No meu tempo de Coimbra, quando se dizia que uma República «andava à lebre» era porque o fim da caixa e do crédito na mercearia tinham chegado mais cedo do que o fim do mês, não restando aos repúblicos outra alternativa que não fosse distribuírem-se por outras Repúblicas, onde comeriam até que a caixa se recompusesse com as mesadas do mês seguinte.
Se várias Repúblicas andavam à lebre ao mesmo tempo, o problema passava para as cozinheiras, que teriam de fazer mais comida com o mesmo conduto, que onde comem oito também comem nove ou dez, desde que não se fuja muito das arrozadas. Todos passavam a comer um pouco pior para que todos pudessem continuar a comer. A solidariedade sempre foi uma qualidade do nosso povo e também não era negada entre os estudantes.
O que eu não entendia, na altura, era porque se chamava «andar à lebre», quando lebre era coisa que nem vê-la; e o coelho, se o havia, andava bem escondido por debaixo do arroz ou das batatas. Mas o termo era já corrente nos tempos de Antão de Vasconcelos, estudante brasileiro que cursou Direito entre 1860 e 1865 e que escreveu mais tarde as célebres Memórias do Mata-Carochas.
Segundo o Mata-Carochas, quando o estudante por estroina, jogador ou vagabundo perde as mesadas, que vai rebatendo, ou a família lhas suspende por castigo ou por pobreza, vê-se ele na contingência de empenhar ou vender tudo o que tem, a própria cama, e assim fica «à pauperibus», como ali se diz. Então, explora as repúblicas amigas, almoçando aqui, ceando acolá, dormindo com alguns amigos ou algures embrulhado na capa, até que melhorem os tempos e sopre a bonança. Este estado é ali denominado – «andar à lebre».
E Amílcar Ferreira de Castro, em A Gíria dos Estudantes de Coimbra, adianta uma explicação plausível para a expressão «andar à lebre»: acção semelhante à do caçador que para caçar a lebre tem de percorrer muitos lugares. Temos, assim, que, em tempos que já não são os meus, se chamava «caçador» ao estudante que andava à lebre.

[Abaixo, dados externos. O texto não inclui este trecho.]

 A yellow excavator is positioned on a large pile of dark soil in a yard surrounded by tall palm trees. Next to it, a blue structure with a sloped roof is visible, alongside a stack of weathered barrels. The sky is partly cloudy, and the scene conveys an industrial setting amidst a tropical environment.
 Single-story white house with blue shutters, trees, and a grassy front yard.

Voltando ao Mata-Carochas, num capítulo do livro dedicado à Associação Filantrópico-Académica (lembram-se dela?), podemos ler:
Quando chegava ao conhecimento da Associação que algum companheiro «andava à lebre», mandava-lhe pequena quantia e logo abria uma subscrição, sem nunca declinar o nome do «caçador». Era assim:
Um pegava no gorro, abeirava-se dos grupos ao cavaco e dizia:
«Oh, coisas; deitai aqui o que quiserdes.» Toda a gente dava, isto é, largava dentro do gorro o que queria ou podia.
Feita a colecta, embrulhava-se a quantia em um papel; espreitava-se o tipo e logo que era encontrado o portador, descia o gorro pela cara abaixo, mascarando-se, e entregava-lhe o embrulho sem balbuciar palavra; se o sujeito tinha ponto certo, depositava-se no lugar para lhe ser entregue e, logo que saía o portador, entrava outro a vigiar a pontualidade da entrega, de forma a não haver burla ou ladroeira do depositário.

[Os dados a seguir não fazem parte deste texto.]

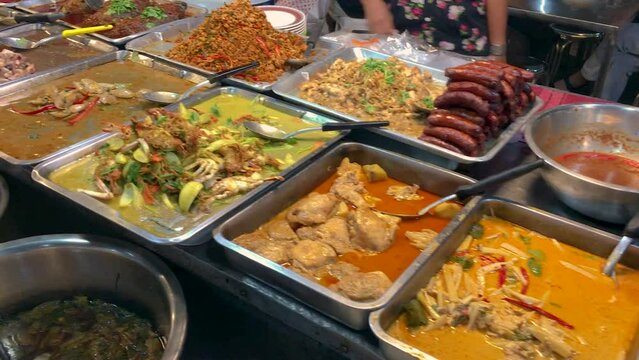 March 5, 2022. Thepprasit Night Market, Pattaya Thailand. Curries, soups and other wet Thai cuisine in metal serving dishes on a vendors table.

O «caçador» não sabia quem lho dava e os académicos não sabiam para quem davam, mas sabiam a que fim se destinava.
Sábado de manhã, ao passar os olhos pelo Expresso, chamou-me a atenção uma notícia: «Estudantes de Aveiro e Algarve lançam campanhas de recolha de alimentos para colegas em dificuldades». A notícia conta que naquelas Universidades foram montados locais de recolha onde os estudantes colocam bens alimentares essenciais que são depois distribuídos aos alunos que se encontram em dificuldade. E esclarece que, na Universidade de Aveiro, para preservar a identidade dos estudantes, a distribuição será assegurada pelo gabinete pedagógico da UA, a única entidade que conhece quem pediu ajuda. Tal como no tempo de Antão de Vasconcelos, o dar sem saber para quem, embora conhecendo o fim, e o respeito pela identidade de quem é ajudado.
Sábado à tarde fui ao supermercado. Estava a decorrer a recolha do Banco Alimentar contra a Fome. Abeirou-se de mim um jovem que me disse, simplesmente – O que quiser dar. O jovem não vinha de capa e batina mas o gesto era igual ao que vem referido nas Memórias do Mata-Carochas. Só que em vez de me estender um gorro de pano preto me entregou um saco de plástico branco.